Bacon: Toast, great tan!
Eggs: Ham, you smell good!
Ham: Thank you Eggs, you too!
Toast: Bacon, you’re awesome bro!
-complementary breakfast
Are you having a nice Tuesday or did your daughter remember this morning that she volunteered to bring 150 baby carrots to school today?
All the other soldiers are mad at me because I keep making helicopter noises when they’re trying to sleep
Can’t. I’m busy taking this buzzfeed quiz to find out what kind of potato I am.
ISSUE: is the road runner wile e coyote’s son
FOR: thhey, seem to respect each other, on some level
AGAINST: one of them is a dog
cop: is this your chocolate factory?
wonka: why do you ask
cop: we have reports of maimed children and slave labor
wonka: that 8 year old owns it now
Karen, will you marry me?
“Ugh. No.
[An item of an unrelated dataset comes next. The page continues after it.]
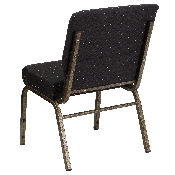HERCULES Series 21''W Stacking Church Chair in Black Dot Patterned Fabric - Gold Vein Frame, FD-CH0221-4-GV-S0806-GG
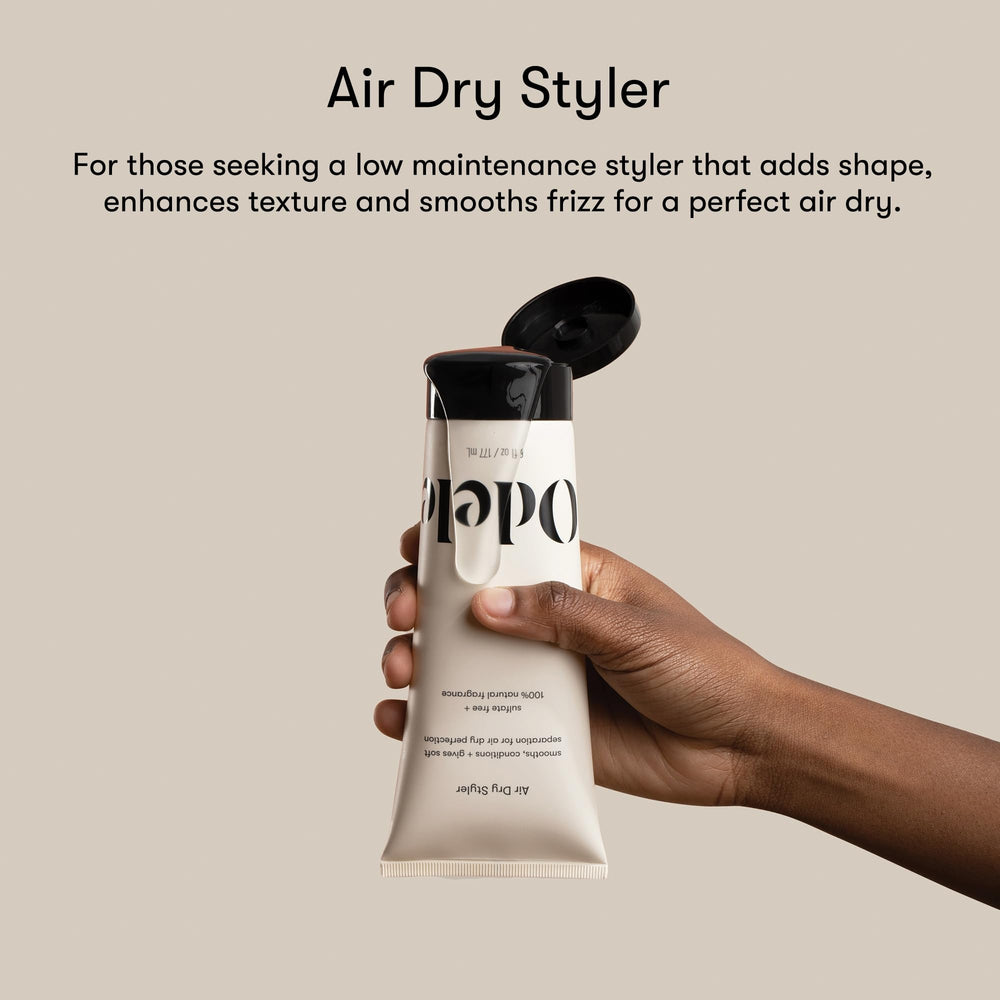 Odele Air Dry Styler on model's hair creating soft defined waves with frizz control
Please take me home.”
*20 minutes of awkward silence as hot air balloon slowly descends*
I bought my husband of 21 years a sweatshirt and I stole it from him and that’s how we keep our marriage fresh
How’s homeschooling going?
I just failed grade 5 math.
Again.
Army recruiter: “Do you have what it takes to destroy the enemies of our nation?”
Me: *Using recruiter’s mug to peacefully relocate a spider
“Oh absolutely, I’m a killing machine.”
Asked a vegetarian if she’d heard this song, then remembered vegos are too weak to turn on radios and way too busy playing with their lutes.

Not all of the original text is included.